*** Available data ***
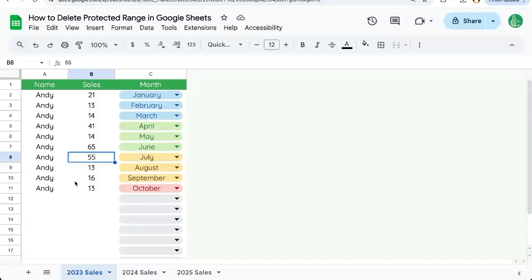If you're trying to delete a protected range you've created before or today, you might be wondering where and how to delete it. How do you get rid of this? You're going to have to find a tiny little trash can icon. I'll show you where that is.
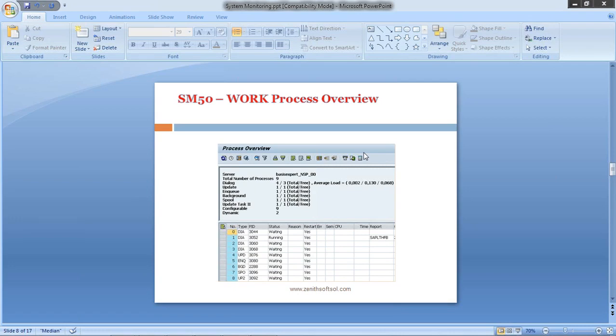This lists all the work processes with their type, current status, program, user ID, and action being performed at that point of time.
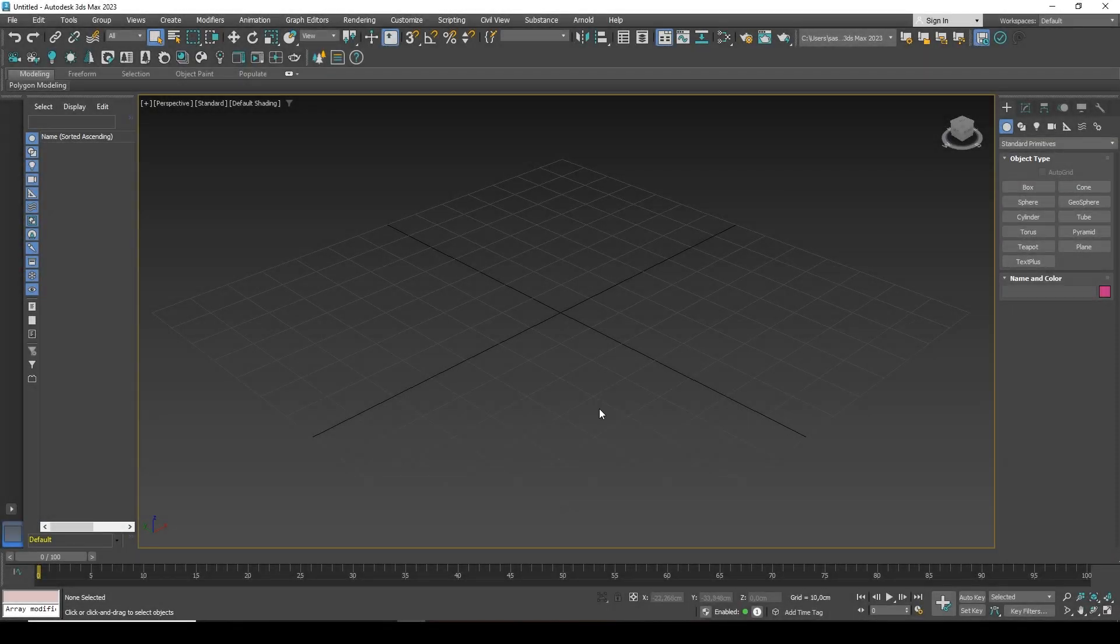Hi everyone, Alex with you. In this video I will show you how to make an object double-sided in 3ds Max. What do I mean?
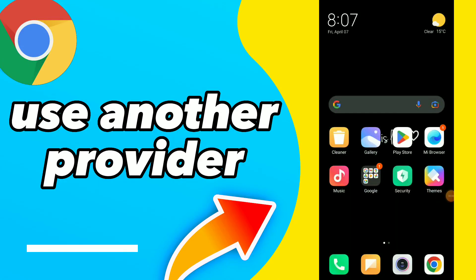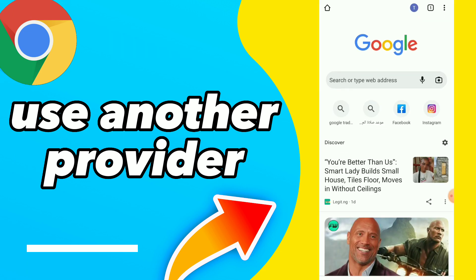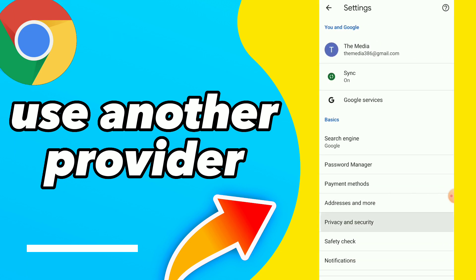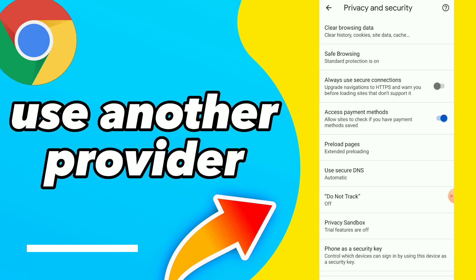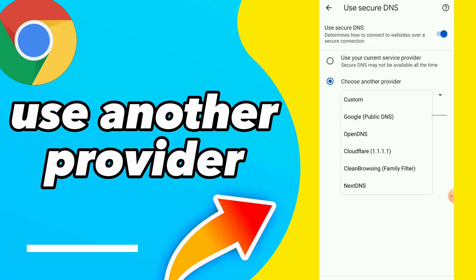How to use another provider. In this video I will show you how to choose another provider easily and quickly. Go to your Google Chrome and click on those three points, click on Settings, and click on Privacy and Security. You will find 'Use Secure DNS'. Here you have 'Use your current service provider' and you have 'Choose another provider', so here you can choose another provider.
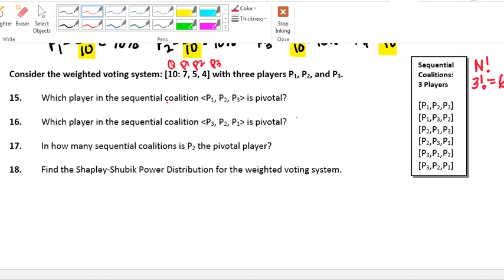Which player in the sequential coalition is pivotal? The pivotal player turns the vote from a losing vote to a winning vote. If player 1 steps up and says yes, he controls 7 votes — that's not enough to meet the quota, so he is losing. If player 2 adds his votes, we end up with 12 total, which meets the quota. That makes player 2 the pivotal player, so I'm going to circle him.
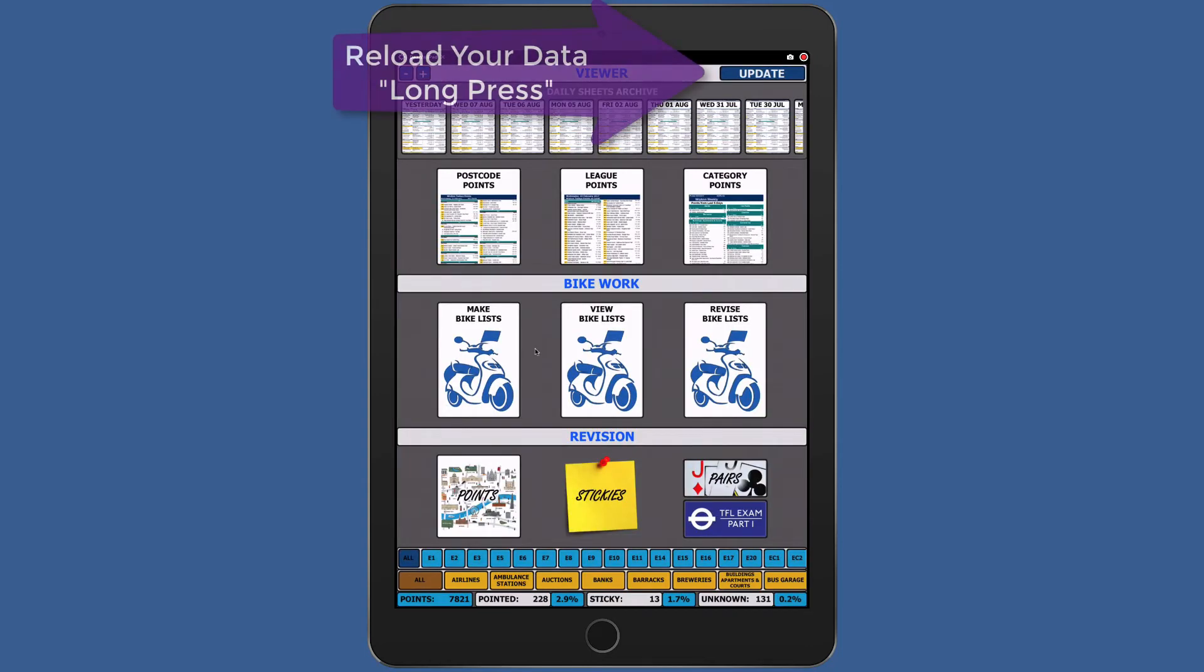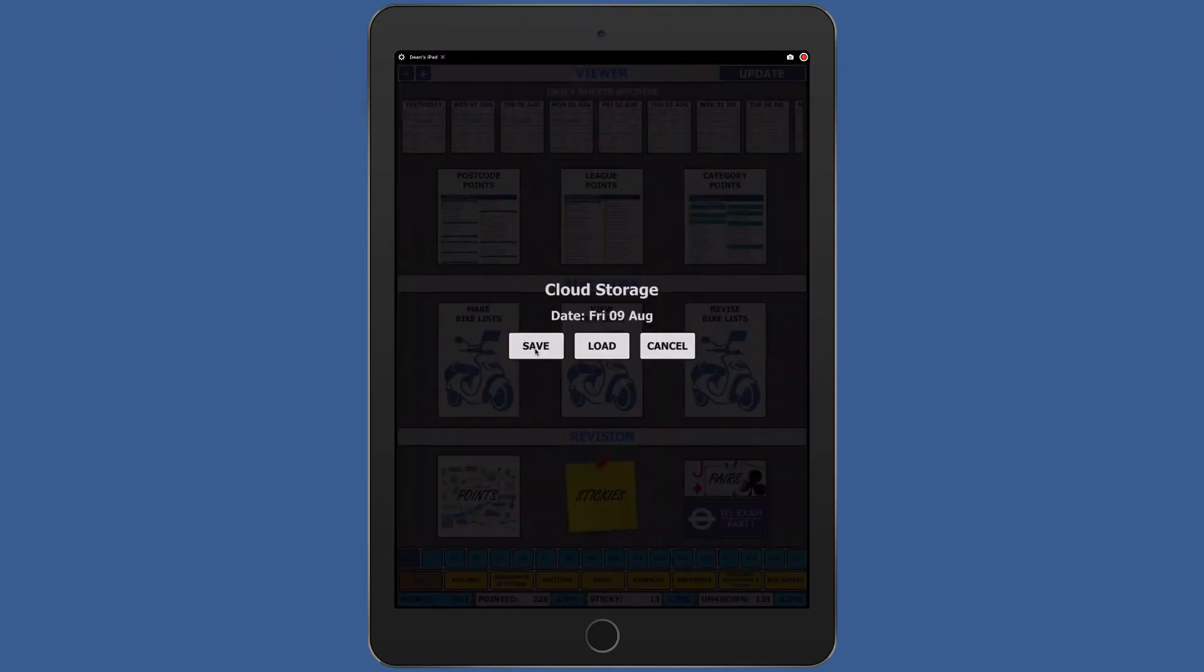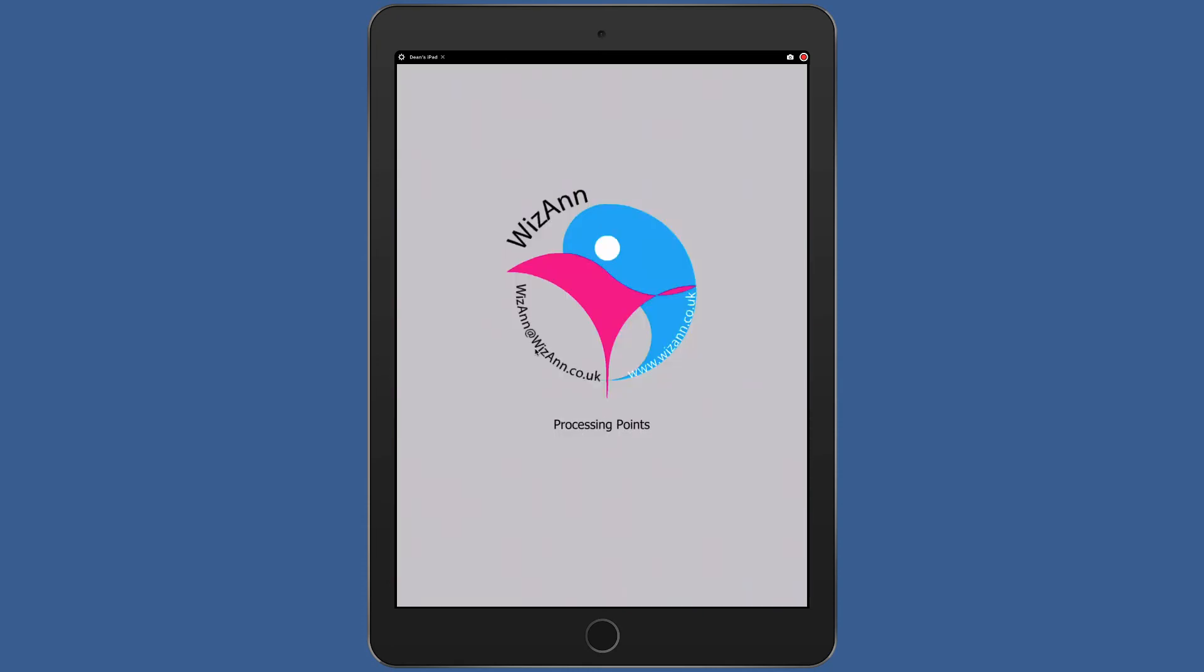To reload your data, long press the update button once again. Tap load and any previously saved data will now load. Tap confirm and this will load your last saved data from our server to your device.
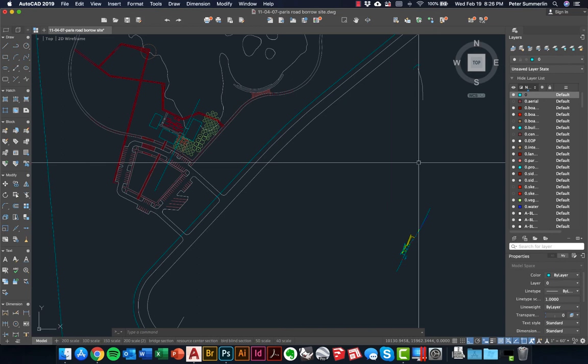This video walks through a process for creating a digital section by using AutoCAD line work, bringing that into Photoshop, and collaging a series of images on top to create a photorealistic section. Along the way we'll talk about different methods for doing this where maybe you're not going for a photorealistic approach, but instead going for more of a hand-drafted approach and how you'd use a similar process to execute that.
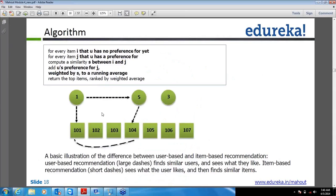Let's look at the diagram here. So let's say user 1 and user 5 — in the user-based recommendation, what you will do is find out that user 5 is liking item 104 and also liking item 101, and user 1 is also liking item 101. So we will recommend item 104 to user 1 in the user-based recommendation.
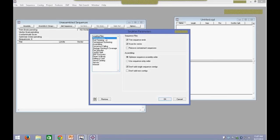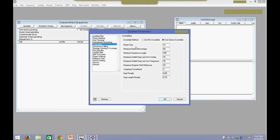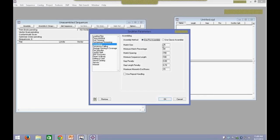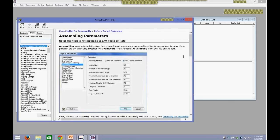We have some pre-assembly options including default trim sequence ends, scan for vector, and you can also adjust end trimming parameters. The more important one to focus on is assembling. This is where you'd choose the type of assembler — we have Pro Assembler and Classic Assembler. For all assemblies, we recommend using the Pro Assembler. In the Pro Assembler, you can further change the match sizes, minimum match percentages, and other advanced options. However, we do not recommend that you change these, as they are thoroughly QA'd and are the best parameters for most assemblies. You can click on the question mark at the bottom of the window to get more guidance on what each parameter does.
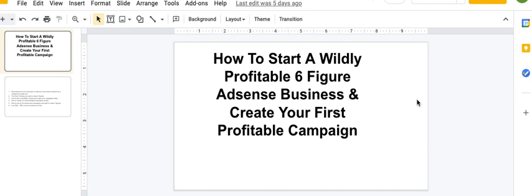to help you create your own profitable AdSense Taboola business and cover how to create your first profitable campaign, how to find profitable campaigns, the full basically step by step training to help you be successful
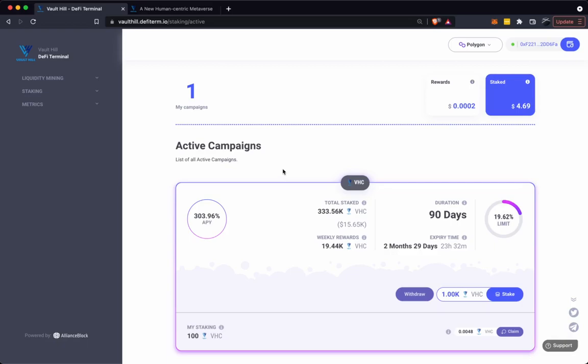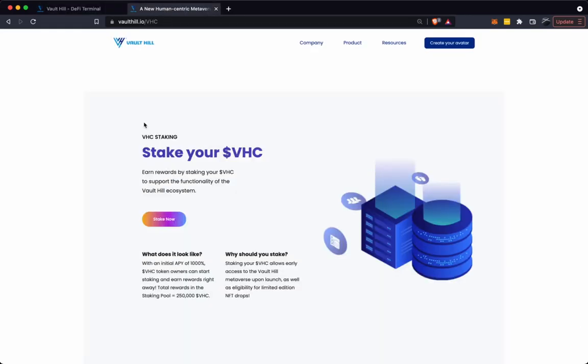To get to the staking dashboard, visit vaulthill.defiterm.io/staking/active, or alternatively go to the VHC page on our website and select the stake now button.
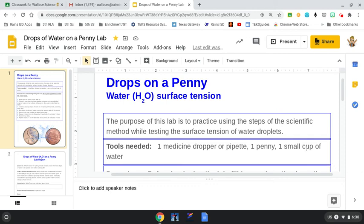Hey kids, let's talk about the experiment that we're going to do this week. We're doing drops of water on a penny.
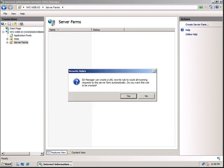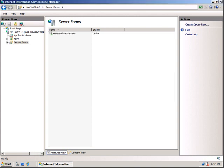So it will give you a popup that IIS Manager can create a URL rewrite to route all incoming requests to this server farm automatically. So any requests coming to this server will now be automatically transferred to this server farm. So click Yes.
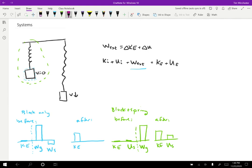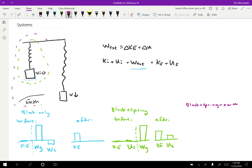Now let's consider the system of the block plus the spring plus the earth. We often show this by sketching the earth in a cartoonish way and drawing a dotted line that includes the earth in the system. Before, kinetic energy is zero and spring potential energy is zero for the same reasons as before. This time the earth is in the system, so we also have gravitational potential energy. We can choose y equals zero wherever we want; I'll choose the initial height to be y equals zero to keep things simple.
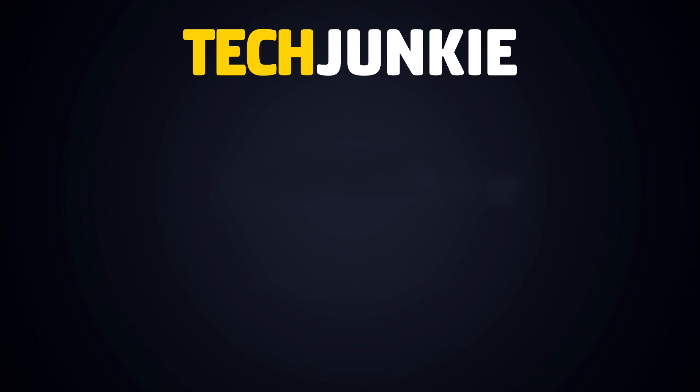If you liked this guide, make sure you subscribe for all sorts of videos covering Google Docs and other technology. And don't forget to check out one of these videos we think you might enjoy.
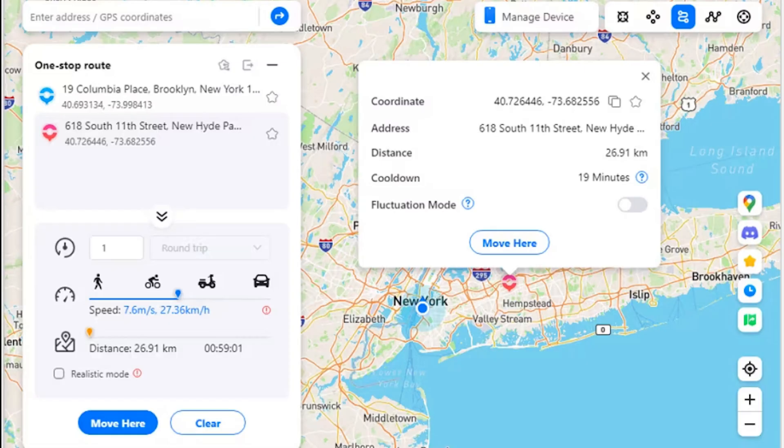Let's get started. Step one: access the one-stop route function. Once you launch Wondershare's Dr.Fone Virtual Location and connect your smartphone successfully, proceed to select the one-stop route function from the top right section. The function is represented by the third icon from the left in that section. You can tap anywhere on the map to set your destination location.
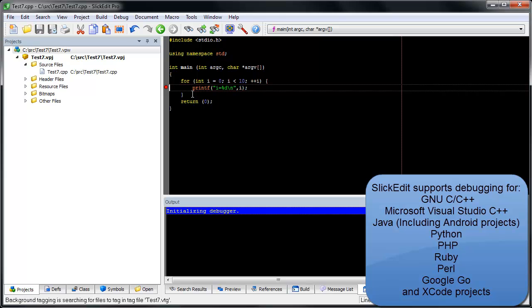SlickEdit supports debugging for GNU, C, C++, Microsoft Visual Studio C++, Java including Android projects, Python, PHP, Ruby, Perl, Google Go, and Xcode projects.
*** End of Available data ***
Brief
Give the lines from the one containing "Hey kids, let's" through the final line of the material again, exactly and in full, but without pictures.

Output
Hey kids, let's talk about the experiment that we're going to do this week. We're doing drops of water on a penny.
So it will give you a popup that IIS Manager can create a URL rewrite to route all incoming requests to this server farm automatically. So any requests coming to this server will now be automatically transferred to this server farm. So click Yes.
Now let's consider the system of the block plus the spring plus the earth. We often show this by sketching the earth in a cartoonish way and drawing a dotted line that includes the earth in the system. Before, kinetic energy is zero and spring potential energy is zero for the same reasons as before. This time the earth is in the system, so we also have gravitational potential energy. We can choose y equals zero wherever we want; I'll choose the initial height to be y equals zero to keep things simple.
If you liked this guide, make sure you subscribe for all sorts of videos covering Google Docs and other technology. And don't forget to check out one of these videos we think you might enjoy.
Let's get started. Step one: access the one-stop route function. Once you launch Wondershare's Dr.Fone Virtual Location and connect your smartphone successfully, proceed to select the one-stop route function from the top right section. The function is represented by the third icon from the left in that section. You can tap anywhere on the map to set your destination location.
SlickEdit supports debugging for GNU, C, C++, Microsoft Visual Studio C++, Java including Android projects, Python, PHP, Ruby, Perl, Google Go, and Xcode projects.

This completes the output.